As it stands, BT and EE own 45 percent of the "immediately useable" UK spectrum, which is mobile connectivity that can be deployed right away. Vodafone has 28 percent, while O2 and Three own 15 percent and 12 percent respectively. Regardless of what happens in the auction next year, BT and EE's share of useable spectrum will fall from 45 percent to 42 percent as a result of Ofcom's block.
The good news for BT and EE is that there won't be any limits placed on the 3.4 GHz band. That's because this part of the spectrum can't immediately be deployed and is earmarked for the development of 5G services. The idea is to let operators acquire spectrum early so they can begin advancing and testing the next standard in mobile networking.
In a statement, EE said that the block is unwarranted: "While we don't agree that competition measures should be introduced for this auction, we will now examine Ofcom's detailed proposal carefully and respond to the consultation. We are unique in our ambition to expand 4G coverage to 95% of the UK's landmass by 2020, further than any other UK network has done, and will continue to use our spectrum and network to ensure UK consumers benefit from being at mobile technology's leading edge."
Although Ofcom first announced plans for the auction in November 2014, the process has been beset by delays. The original plan was to sell off the bands in late 2015, early 2016 but when Three owner Hutchison Whampoa tried (but ultimately failed) to buy O2, the auction was delayed again.

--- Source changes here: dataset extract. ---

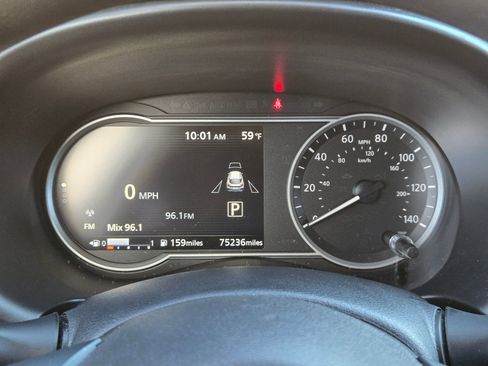 Used 2019 Nissan Kicks SV image 24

Three, which has pushed for spectrum caps for all providers in the past, had this to say:
"Ofcom exists to promote competition and protect consumers but it has once again shown it is not willing to make the big decisions needed to deliver the best outcome for the UK. It has allowed BT and Vodafone to stockpile valuable mobile airwaves and put genuine choice for consumers at risk. It made empty promises to the European Commission that it would tackle this issue but it doesn't have the courage to do so.
"The mobile industry is failing customers and Ofcom has showed it has no interest in addressing that. A 30% cap on total spectrum ownership and a spectrum reservation for smaller operators are the only measures that will preserve competition for the benefit of UK mobile consumers."
When the 2.3 GHz allocation is made available, more carriers will be able to offer speeds of up to 450 Mbps. Newer iPhones and Samsung devices already cater for Cat 9 bands, but device makers are already beginning to include support for faster 4G in new devices as standard.